This little guy craves the light of knowledge and wants to know why 0.999... = 1. He wants rigour, but he does accept proofs starting with any sort of premise.
Enlighten him.
This little guy craves the light of knowledge and wants to know why 0.999... = 1. He wants rigour, but he does accept proofs starting with any sort of premise.
Enlighten him.
I am going to note that this was not well-expressed when you said 'we can just pretend to have "reached infinity" and work with like any number'. To a lay person it would look as if you were suggesting that we non-rigorously treat one object (like the sequence (0.9, 0.99, 0.999,...)) as another (like the real number that that sequence converges to given the standard topology of the space of real numbers).
I'm not really confused about what you're saying here exactly, and since the original post is deleted, I can't really even see what was originally said, but I was confused about this:
Why make mention of the standard topology here exactly? It's not exactly clear to me why this has anything to do with what you two are discussing.
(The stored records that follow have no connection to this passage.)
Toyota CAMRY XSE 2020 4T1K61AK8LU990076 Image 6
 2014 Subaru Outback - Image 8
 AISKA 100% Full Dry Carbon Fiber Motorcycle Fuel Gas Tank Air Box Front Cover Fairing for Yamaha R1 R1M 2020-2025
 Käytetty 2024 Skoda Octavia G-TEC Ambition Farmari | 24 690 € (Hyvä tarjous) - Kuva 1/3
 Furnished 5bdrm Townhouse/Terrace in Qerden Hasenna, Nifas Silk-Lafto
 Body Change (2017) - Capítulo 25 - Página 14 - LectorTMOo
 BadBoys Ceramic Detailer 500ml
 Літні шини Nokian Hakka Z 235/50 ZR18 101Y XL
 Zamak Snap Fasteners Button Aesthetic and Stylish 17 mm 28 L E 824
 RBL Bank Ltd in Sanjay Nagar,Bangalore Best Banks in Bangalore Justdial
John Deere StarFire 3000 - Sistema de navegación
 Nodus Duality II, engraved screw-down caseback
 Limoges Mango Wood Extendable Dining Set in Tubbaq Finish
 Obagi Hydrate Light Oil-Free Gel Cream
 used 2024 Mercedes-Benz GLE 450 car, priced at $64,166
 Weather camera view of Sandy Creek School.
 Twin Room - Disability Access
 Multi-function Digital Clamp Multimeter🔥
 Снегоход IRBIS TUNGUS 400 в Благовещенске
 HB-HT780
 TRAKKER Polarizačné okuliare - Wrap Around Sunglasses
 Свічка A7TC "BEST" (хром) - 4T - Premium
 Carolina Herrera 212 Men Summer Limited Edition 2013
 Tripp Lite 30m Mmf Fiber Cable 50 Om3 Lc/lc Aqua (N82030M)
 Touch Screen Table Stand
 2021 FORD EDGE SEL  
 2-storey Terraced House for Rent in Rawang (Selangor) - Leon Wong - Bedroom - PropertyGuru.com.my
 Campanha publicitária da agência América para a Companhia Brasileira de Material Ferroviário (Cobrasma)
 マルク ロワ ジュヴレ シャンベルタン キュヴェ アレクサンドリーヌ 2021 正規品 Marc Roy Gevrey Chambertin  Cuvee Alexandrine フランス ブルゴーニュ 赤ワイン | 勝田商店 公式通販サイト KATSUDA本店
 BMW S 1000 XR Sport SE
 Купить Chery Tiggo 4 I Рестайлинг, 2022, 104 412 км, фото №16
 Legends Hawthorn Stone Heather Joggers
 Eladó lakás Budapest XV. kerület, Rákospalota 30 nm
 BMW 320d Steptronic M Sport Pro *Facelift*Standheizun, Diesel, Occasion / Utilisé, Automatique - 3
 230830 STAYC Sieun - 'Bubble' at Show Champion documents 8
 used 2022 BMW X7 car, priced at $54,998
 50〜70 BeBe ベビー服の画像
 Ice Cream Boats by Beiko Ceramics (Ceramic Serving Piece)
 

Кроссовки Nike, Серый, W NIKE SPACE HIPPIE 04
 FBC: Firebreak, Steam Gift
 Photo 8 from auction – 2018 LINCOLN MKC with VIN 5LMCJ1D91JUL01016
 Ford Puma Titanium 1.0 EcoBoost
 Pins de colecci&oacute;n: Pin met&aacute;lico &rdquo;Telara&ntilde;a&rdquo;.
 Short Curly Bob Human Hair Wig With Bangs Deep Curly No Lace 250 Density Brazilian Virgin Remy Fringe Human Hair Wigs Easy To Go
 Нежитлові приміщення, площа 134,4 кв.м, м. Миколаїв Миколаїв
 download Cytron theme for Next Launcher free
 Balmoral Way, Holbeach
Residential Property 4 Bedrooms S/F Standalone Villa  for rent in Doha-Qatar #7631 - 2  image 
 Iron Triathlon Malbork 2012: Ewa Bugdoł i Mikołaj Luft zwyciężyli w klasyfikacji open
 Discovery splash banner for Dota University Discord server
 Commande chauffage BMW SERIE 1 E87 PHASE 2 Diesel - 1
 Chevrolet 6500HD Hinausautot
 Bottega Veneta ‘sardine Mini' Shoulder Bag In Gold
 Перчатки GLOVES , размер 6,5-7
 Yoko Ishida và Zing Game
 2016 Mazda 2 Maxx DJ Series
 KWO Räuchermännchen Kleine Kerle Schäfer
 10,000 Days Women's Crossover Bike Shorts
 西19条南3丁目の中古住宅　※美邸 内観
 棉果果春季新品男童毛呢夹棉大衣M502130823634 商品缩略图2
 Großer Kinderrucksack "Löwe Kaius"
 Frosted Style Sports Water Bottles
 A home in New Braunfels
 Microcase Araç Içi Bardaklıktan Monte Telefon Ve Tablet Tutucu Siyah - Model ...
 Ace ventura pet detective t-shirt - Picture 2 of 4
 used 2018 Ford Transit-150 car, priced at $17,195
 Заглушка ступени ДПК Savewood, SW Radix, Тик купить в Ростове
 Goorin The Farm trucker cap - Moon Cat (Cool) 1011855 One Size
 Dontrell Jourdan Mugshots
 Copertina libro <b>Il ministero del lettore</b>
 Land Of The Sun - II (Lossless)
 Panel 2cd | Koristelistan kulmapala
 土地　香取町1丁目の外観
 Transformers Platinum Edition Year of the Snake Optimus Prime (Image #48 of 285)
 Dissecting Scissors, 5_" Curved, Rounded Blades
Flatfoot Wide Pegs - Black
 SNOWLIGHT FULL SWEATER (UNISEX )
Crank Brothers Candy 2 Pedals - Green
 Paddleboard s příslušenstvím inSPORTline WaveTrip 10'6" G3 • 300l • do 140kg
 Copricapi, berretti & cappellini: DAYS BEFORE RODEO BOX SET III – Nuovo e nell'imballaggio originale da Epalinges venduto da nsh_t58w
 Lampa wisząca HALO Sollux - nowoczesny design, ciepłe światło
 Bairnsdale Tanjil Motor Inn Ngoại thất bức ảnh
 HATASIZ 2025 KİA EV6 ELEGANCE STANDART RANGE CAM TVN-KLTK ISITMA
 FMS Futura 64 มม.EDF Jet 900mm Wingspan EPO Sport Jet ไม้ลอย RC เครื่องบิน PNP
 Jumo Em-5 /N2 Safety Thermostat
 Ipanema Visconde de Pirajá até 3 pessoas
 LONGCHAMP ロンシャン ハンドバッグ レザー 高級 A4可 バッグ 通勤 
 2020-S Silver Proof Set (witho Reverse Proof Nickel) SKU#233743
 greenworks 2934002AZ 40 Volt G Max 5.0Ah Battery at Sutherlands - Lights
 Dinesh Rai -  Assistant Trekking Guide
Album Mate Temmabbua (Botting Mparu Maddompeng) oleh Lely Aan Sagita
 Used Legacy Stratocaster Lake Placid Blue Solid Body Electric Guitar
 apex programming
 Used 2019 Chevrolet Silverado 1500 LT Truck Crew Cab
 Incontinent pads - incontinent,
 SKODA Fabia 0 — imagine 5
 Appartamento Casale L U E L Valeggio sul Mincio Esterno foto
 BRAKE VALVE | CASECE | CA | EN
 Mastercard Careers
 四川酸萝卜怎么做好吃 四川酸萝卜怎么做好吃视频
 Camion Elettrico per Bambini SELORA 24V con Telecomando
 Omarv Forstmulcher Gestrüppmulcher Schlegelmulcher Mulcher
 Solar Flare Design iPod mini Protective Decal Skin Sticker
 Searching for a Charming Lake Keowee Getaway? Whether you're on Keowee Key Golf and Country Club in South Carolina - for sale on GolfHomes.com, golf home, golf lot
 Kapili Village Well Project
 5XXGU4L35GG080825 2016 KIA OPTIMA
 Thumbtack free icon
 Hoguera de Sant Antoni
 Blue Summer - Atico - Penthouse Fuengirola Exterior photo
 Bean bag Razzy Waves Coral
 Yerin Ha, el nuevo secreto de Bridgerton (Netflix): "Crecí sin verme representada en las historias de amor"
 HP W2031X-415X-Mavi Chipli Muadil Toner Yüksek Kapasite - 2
Just to be specific, as what a particular sequence converges to depends on the topology of the space where we are looking for a limit of the sequence. Hell, in non-Hausdorff spaces a sequence can have multiple limits (trivial case: anti-discrete space of cardinality greater than 1 will have every sequence converge to every point in it).
Thanks for the clarification! In my mind, I sort of just think "metric first" so the topology induced by that metric is always just assumed, but that's because I don't ever work with non-metrizable spaces.